I decided to write about startup stock option expiration dates, given the ongoing discussion around the topic.

We like to believe, and are told by founders and hiring managers that we're being given a block of options to purchase shares in the company. We evaluate this grant, given the commonly presented "key terms" of strike price, company valuation, ownership %, etc., to have some value $X [1].

But what we're not explained is that we're actually given a block of options with expiration date of D (where D is most commonly length of tenure + 90 days). What I hadn't realized before is that this D really makes a difference in the value of an option.

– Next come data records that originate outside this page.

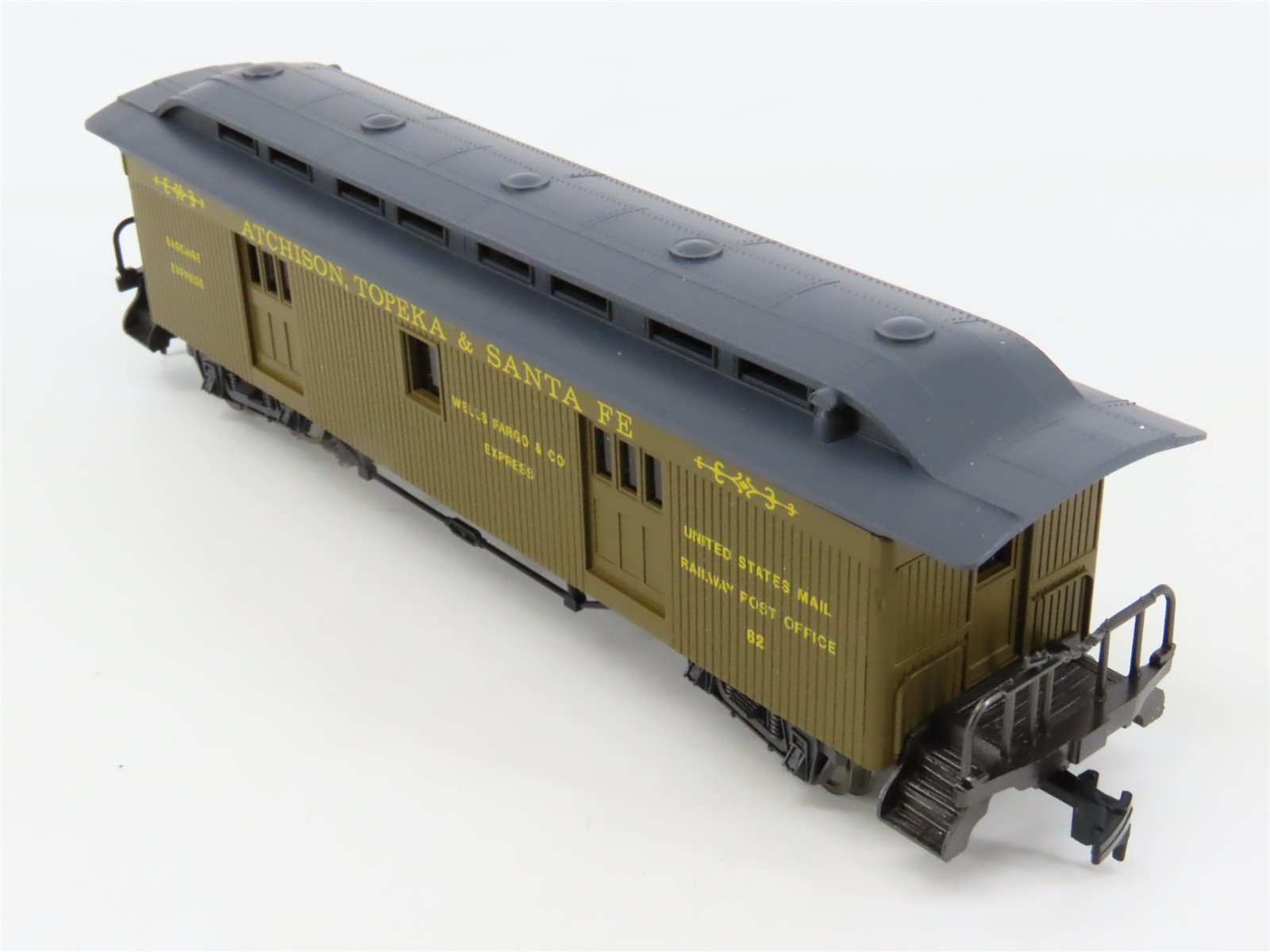 HO Scale Rivarossi 6901 ATSF Santa Fe Old Time Passenger 4-Car Set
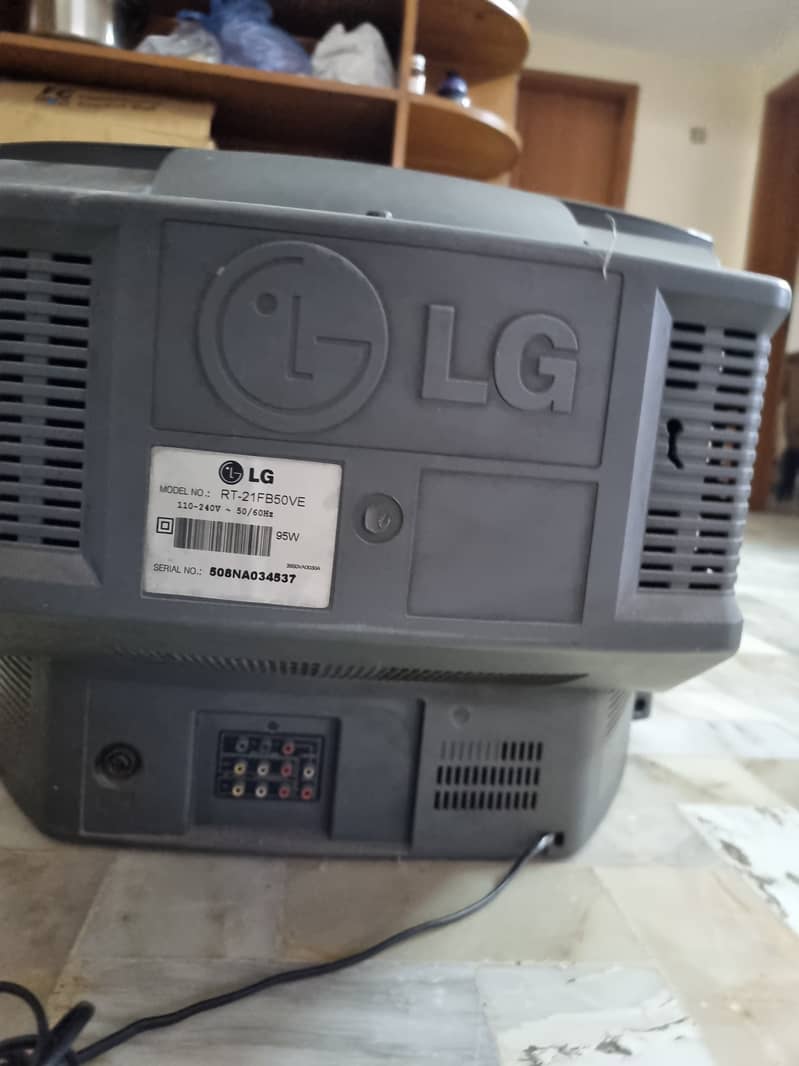 LG Flatron Tv for Sale neat and clean 4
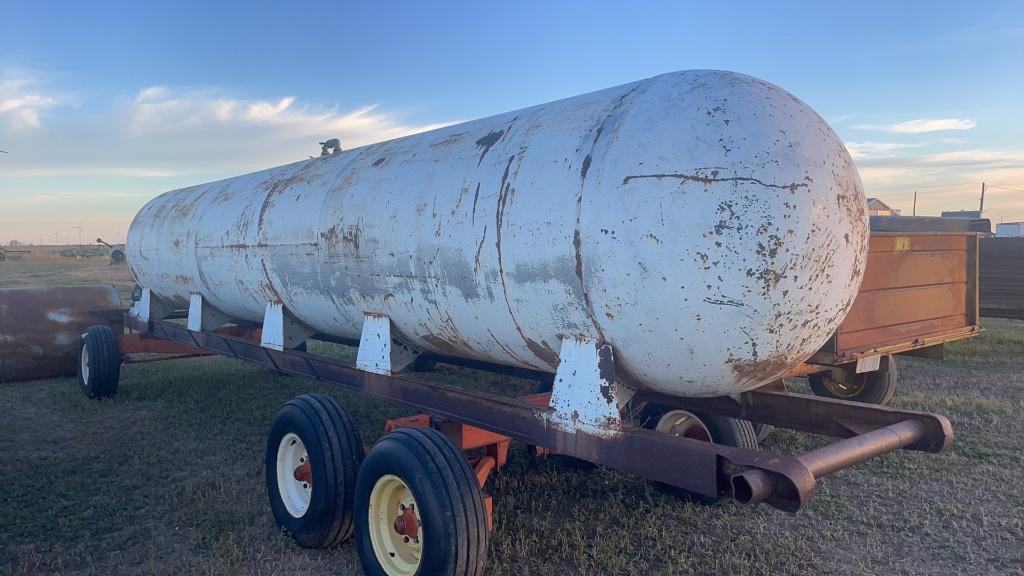 Nurse tank on trailer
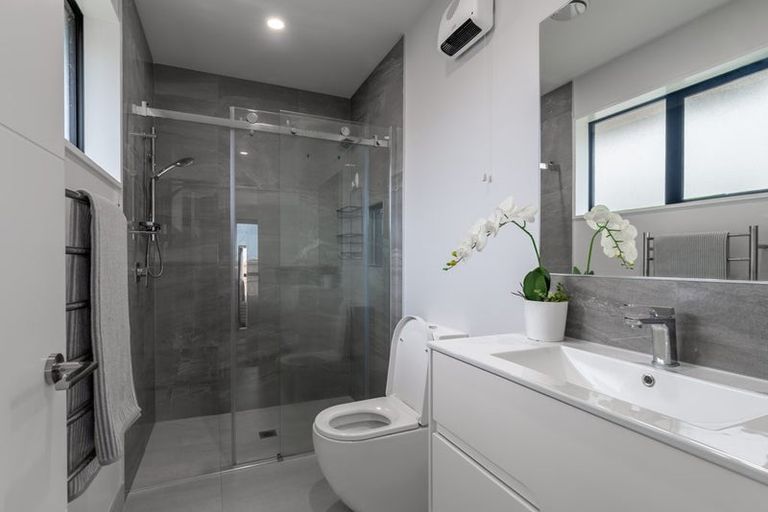 Photo of property in 18 Lovelock Avenue, Rolleston, 7615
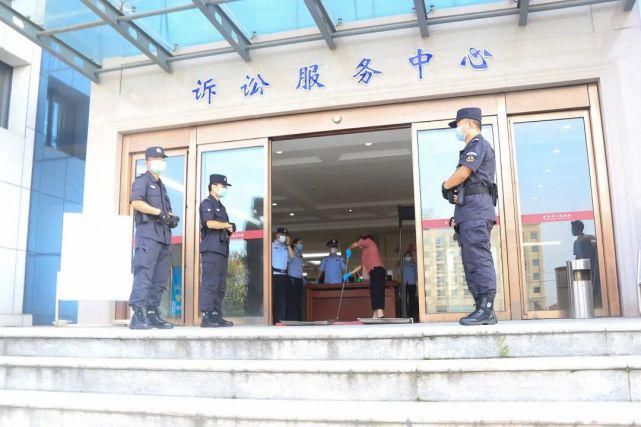  当庭|黄冈市首个女黑势力首犯受审，当庭落泪悔罪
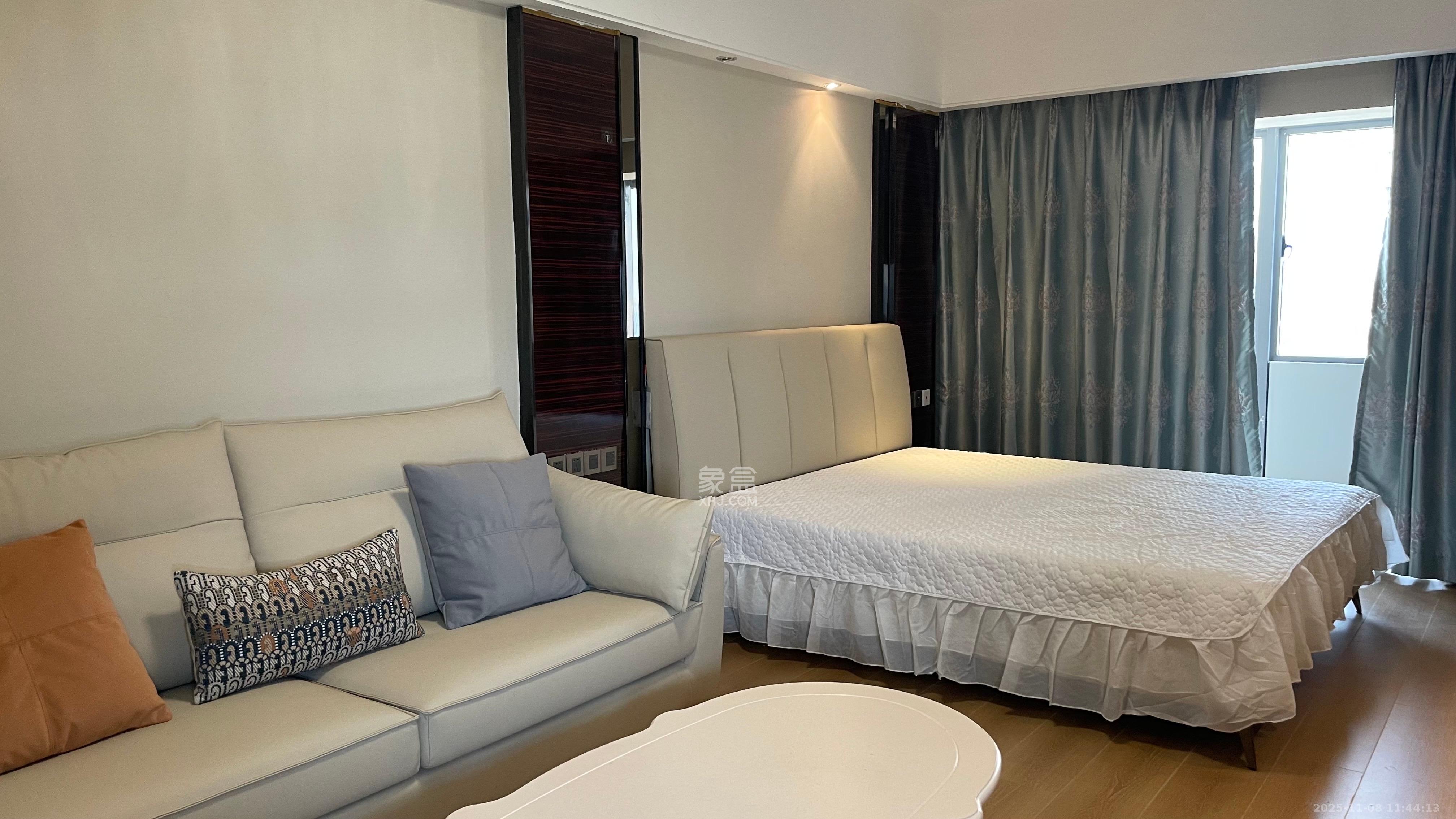 保利国际广场  1室0厅0卫    1800.0元/月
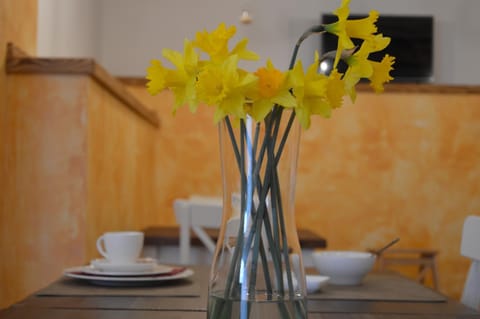 Dining area, Breakfast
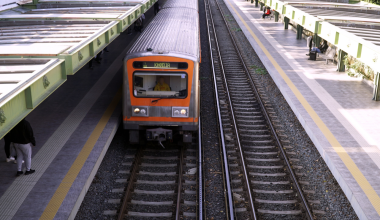 Ηλεκτρικός: Εκτός λειτουργίας τέσσερις σταθμοί λόγω βλάβης στη σηματοδότηση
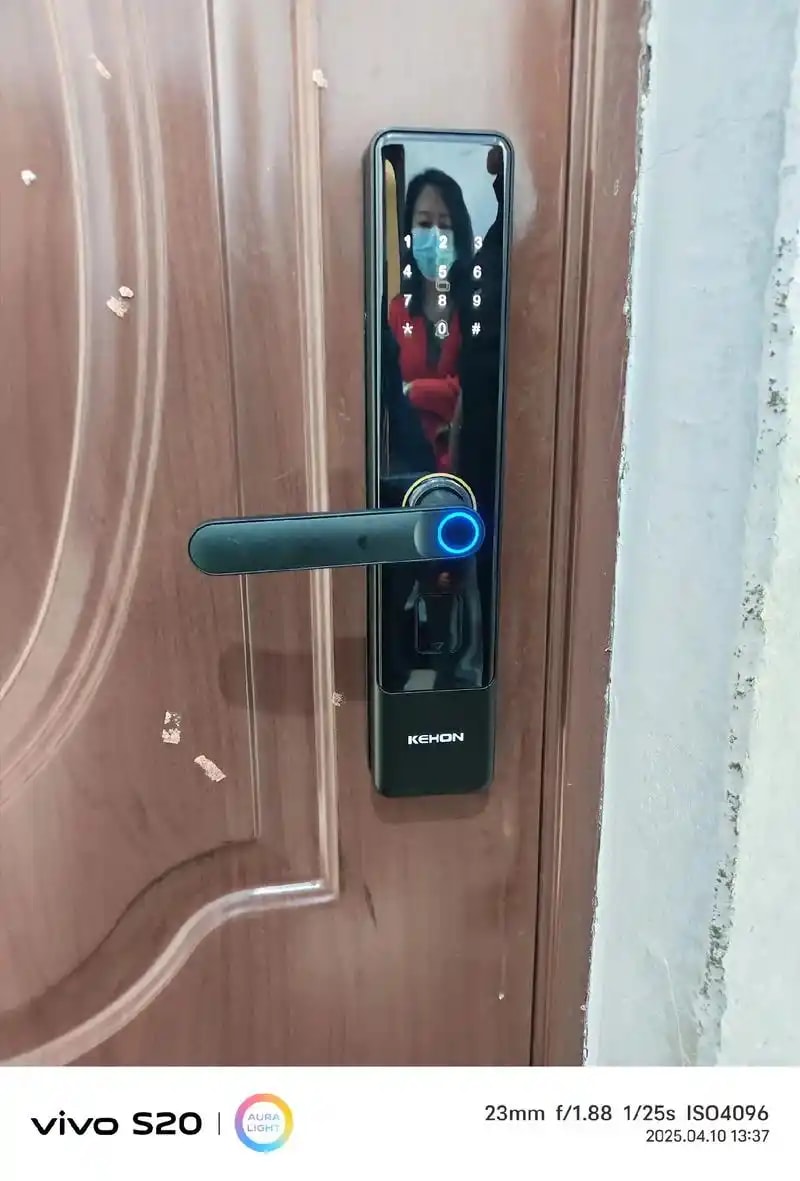 智能指纹门锁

Ask any trader about the value of an option, and they'll explain to you that short dated options are the cheapest, and option contracts (ex: puts, calls) become more expensive as the expiration dates become longer. Longer expiration dates directly translate to a higher intrinsic value of those options.

So going back to the option grant given to the startup employee, we can see that the expiration date clause on those options is actually a "key term" that is rarely, if ever, a point of contention. People negotiate for a larger number of options all the time (often trading salary for more options), but when's the last time someone tried to negotiate and trade the number of options for a longer expiration? That would actually be trading some amount of value for another amount of value, but it's never done.

But this is something you could do if you wanted to open a position on say, $AAPL, using options. You'd intently consider both the strike and the expiration date for an $AAPL option, and look at how much each would cost. A longer expiration contract with the same strike price will always cost more. Some hedge fund managers have very long dated (3+ years), out of money (ex: the strike price is higher than the current price) call options on Oil. Those contracts would be much cheaper if they'd expire in 3 months, not 3+ years.

So when we say "we've earned those options" (and thus they shouldn't be taken away by the 90 day exercise window), it's not entirely accurate. We've actually "earned those options with expiration D" (and other terms). Holding strike price constant, option grants with "equivalent value" with different expiration dates would mean that the longer the expiration date, the fewer options you should get.

Of course, figuring out the value of a longer expiration date would be incredibly difficult. I certainly have no idea how to price this, especially given that the value of the underlying asset (the company) is already a bit of a black box in the first place. But this is something worth being aware of, so that we can understand that there is real value at stake in the ongoing expiration date discussion.

Remembering the Intent

BUT -- we shouldn't forget that if the founders' intent truly is to "give Z% of the company to an employee in a tax efficient manner" (like they say in all their conversations), and if "the value of the option grant as computed by the value of the underlying option contract" is not a concern, then the founders will not actually be "giving up" any value by lengthening option expiration since that value was inadvertently created and was never intended to be claimed by the founders/company in the first place.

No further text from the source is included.